(Short web captions)
--
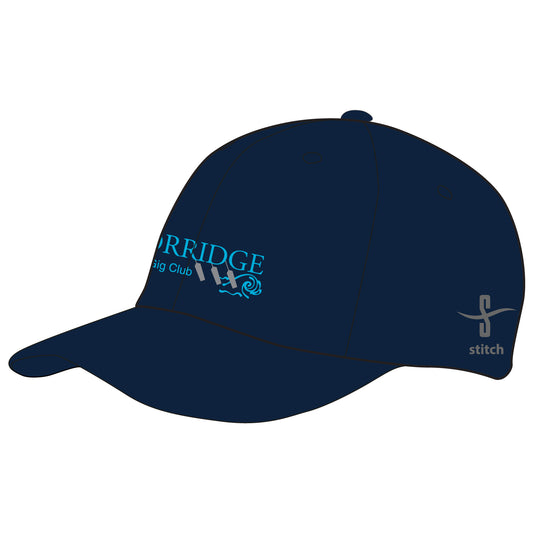 Torridge Pilot Gig Club Cap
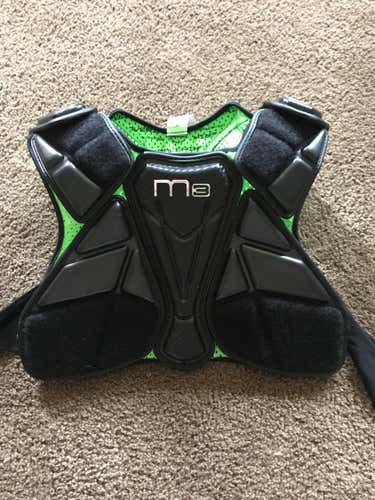 Maverik M3 Shoulder Pads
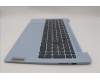 5CB1M36678 Lenovo COVER Upper Case ASM_ITA L 83ERFB NBL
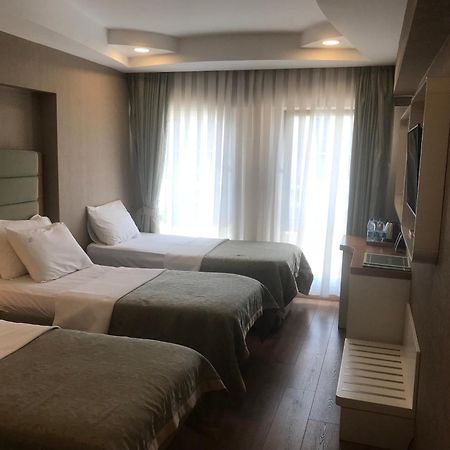 Life Corner Hotel İzmir Extérieur photo
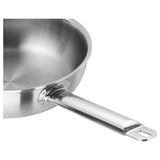 ZWILLING Pro Pentola multiuso Rotondo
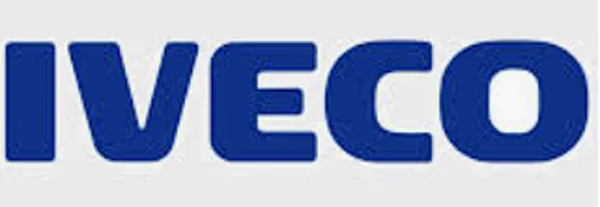 Фара ліва 504238213 Iveco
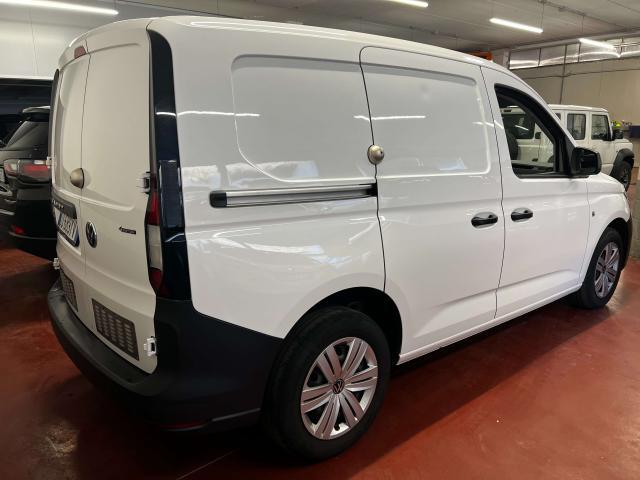 Volkswagen Caddy CADDY 2.0 TDI 90KW BUSINESS 4MOTION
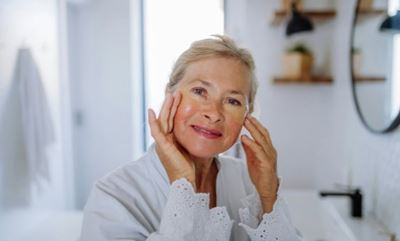 5 tips for long-lasting youthful skin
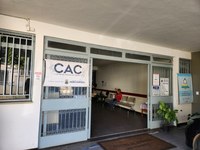 Centro de Apoio ao Cidadão realizou mais de 3 mil atendimentos no 1º semestre de 2024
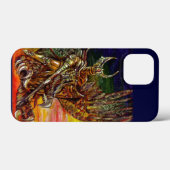 DARK KNIGHT Case-Mate iPhone HÜLLE (Rückseite (Horizontal))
--
Exactly as they appear above, write out all the entries, without pictures.

_Solution:_
 Torridge Pilot Gig Club Cap
 Maverik M3 Shoulder Pads
 5CB1M36678 Lenovo COVER Upper Case ASM_ITA L 83ERFB NBL
 Life Corner Hotel İzmir Extérieur photo
 ZWILLING Pro Pentola multiuso Rotondo
 Фара ліва 504238213 Iveco
 Volkswagen Caddy CADDY 2.0 TDI 90KW BUSINESS 4MOTION
 5 tips for long-lasting youthful skin
 Centro de Apoio ao Cidadão realizou mais de 3 mil atendimentos no 1º semestre de 2024
 DARK KNIGHT Case-Mate iPhone HÜLLE (Rückseite (Horizontal))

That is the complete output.